$l: x=0,y=t,z=t$ and $\pi:6x+2y-2z=3$ find if they are parallel and how is above the other.
So I took the dot product $(0,1,1)\cdot(6,2,-2)=0$ so they are parallel. To test how is above/below I have set $x=0$ and looked at the $z$ component.
for the line I got $z=-y$ and for the plane I got $z=y-\frac{3}{2}$, which has different values for positive and negative $y$ values.

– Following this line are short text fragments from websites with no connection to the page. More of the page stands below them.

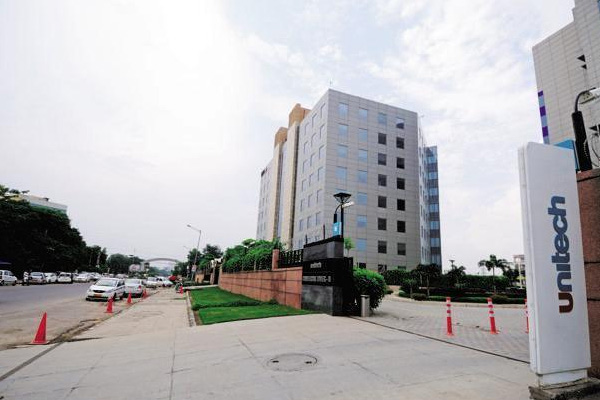 Supreme Court stays NCLT order allowing govt to take control of Unitech - Delhi News in Hindi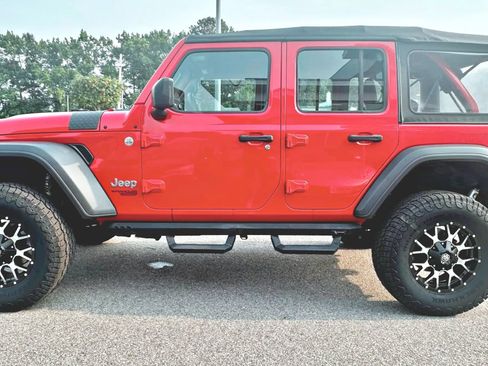 Used 2020 Jeep Wrangler Unlimited Sport AWD/4WD image 6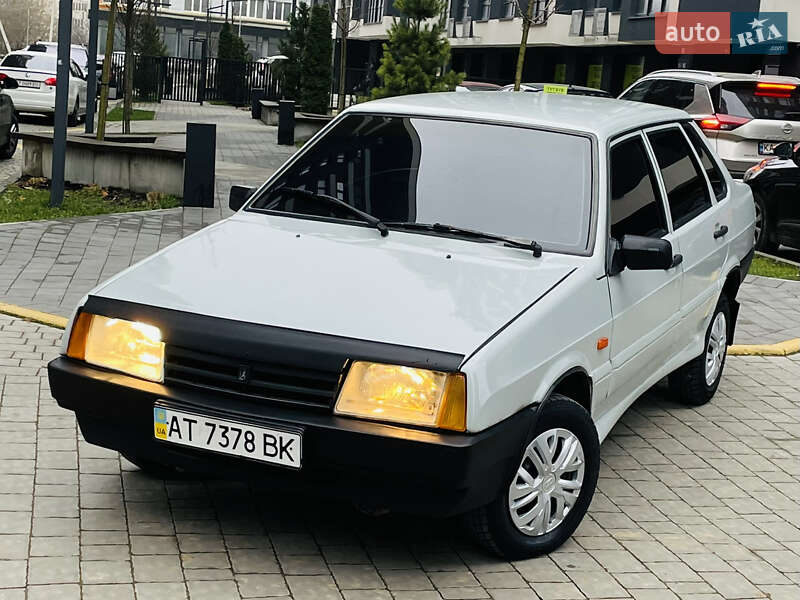 Седан ВАЗ / Lada 21099 2005 в Івано-Франківську фото 3 Седан ВАЗ / Lada 21099 2005 в Івано-Франківську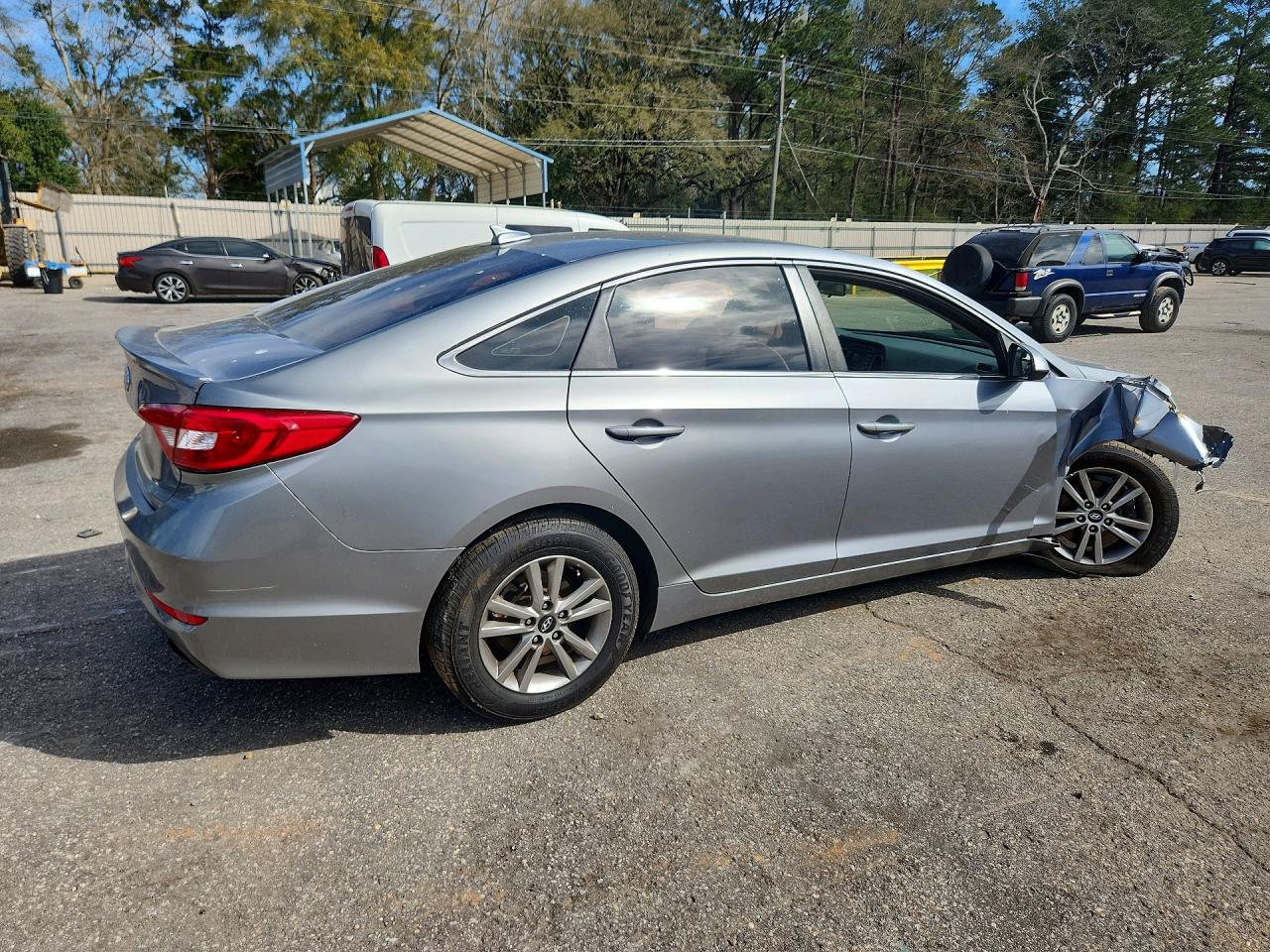 2017 HYUNDAI SONATA BASE photo 5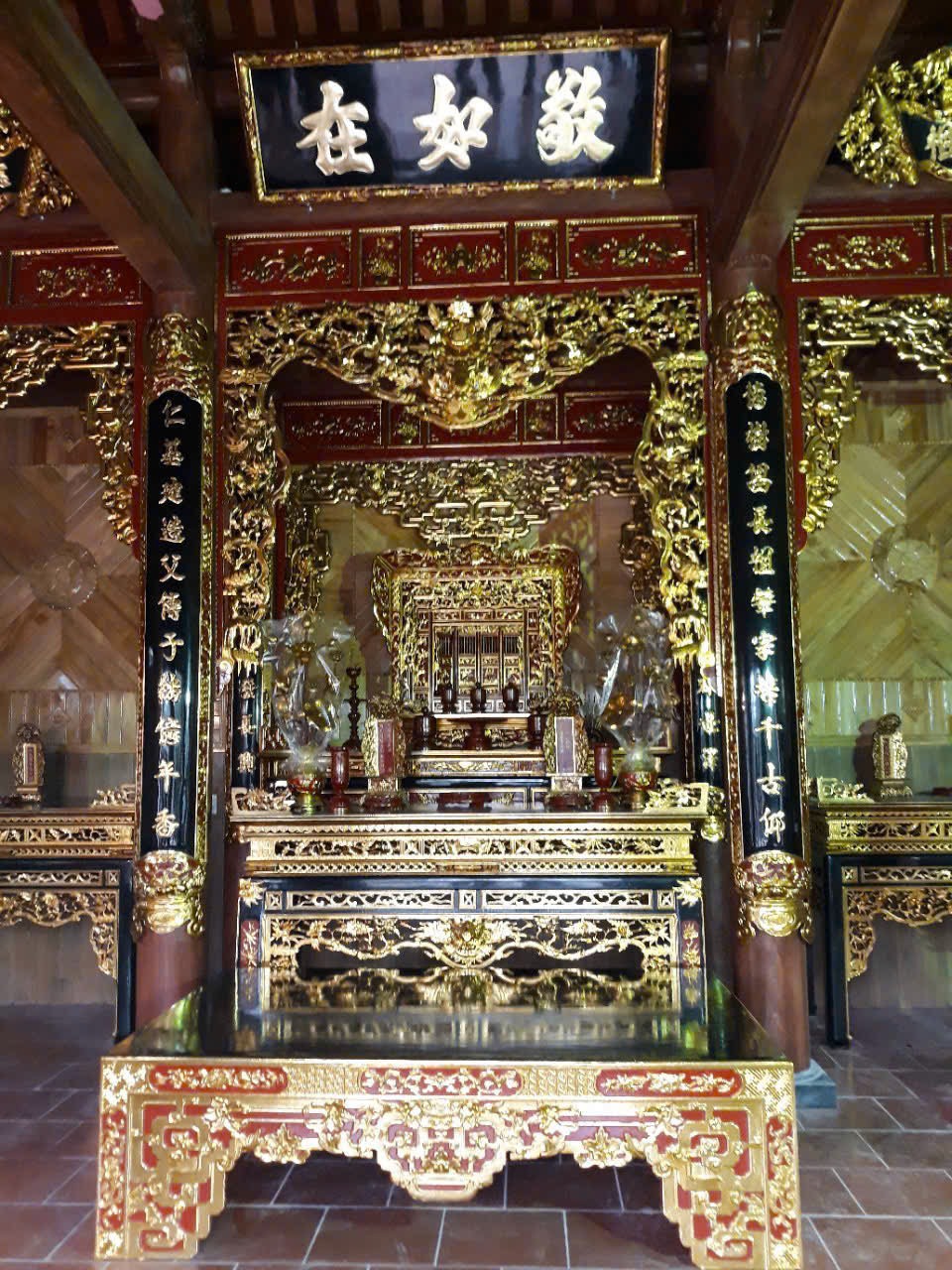 Mẫu phòng thờ truyền thống sơn son thếp vàng MPT004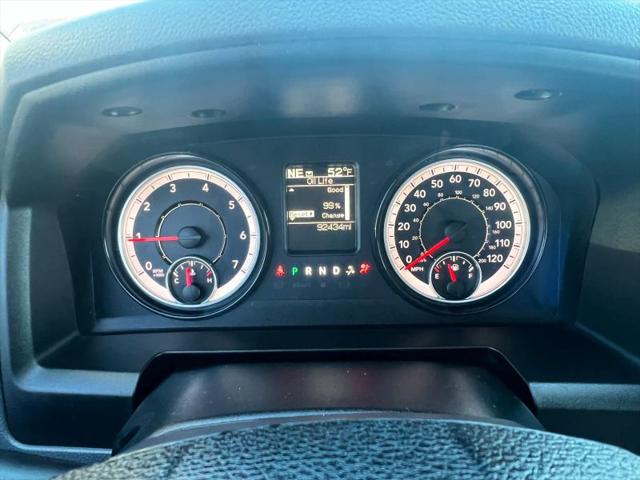 2017 Ram 1500 Express Quad Cab 4x4 64 Box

Is there a different approach?
On
Based on my comments ... The plane containing the line $x=0,y=t,z=t$ has an equation of $6x+2y-2z =0$, which means $z_2={3x+y}$ (the value of $z$ for plane 2). The original plane had an equation of $6x+2y-2z=3$, or $z_1={3x+y} -{3\over2}$. Since $z_2> z_1$, the plane containing the line is above the original plane.
Take any point $\boldsymbol{p}=(x_p,y_p,z_p)$ on the line and find it's signed distance to the plane
$$ d = \frac{6 x_p + 2 y_p +(-2) z_p - 3}{\sqrt{(6)^2+(2)^2+(-2)^2}} $$
if it is positive then the point is in the same side as the plane normal direction. If it is negative it is in the opposite side.
In your case, the line passes through the origin $(0,0,0)$ yielding a negative $d$.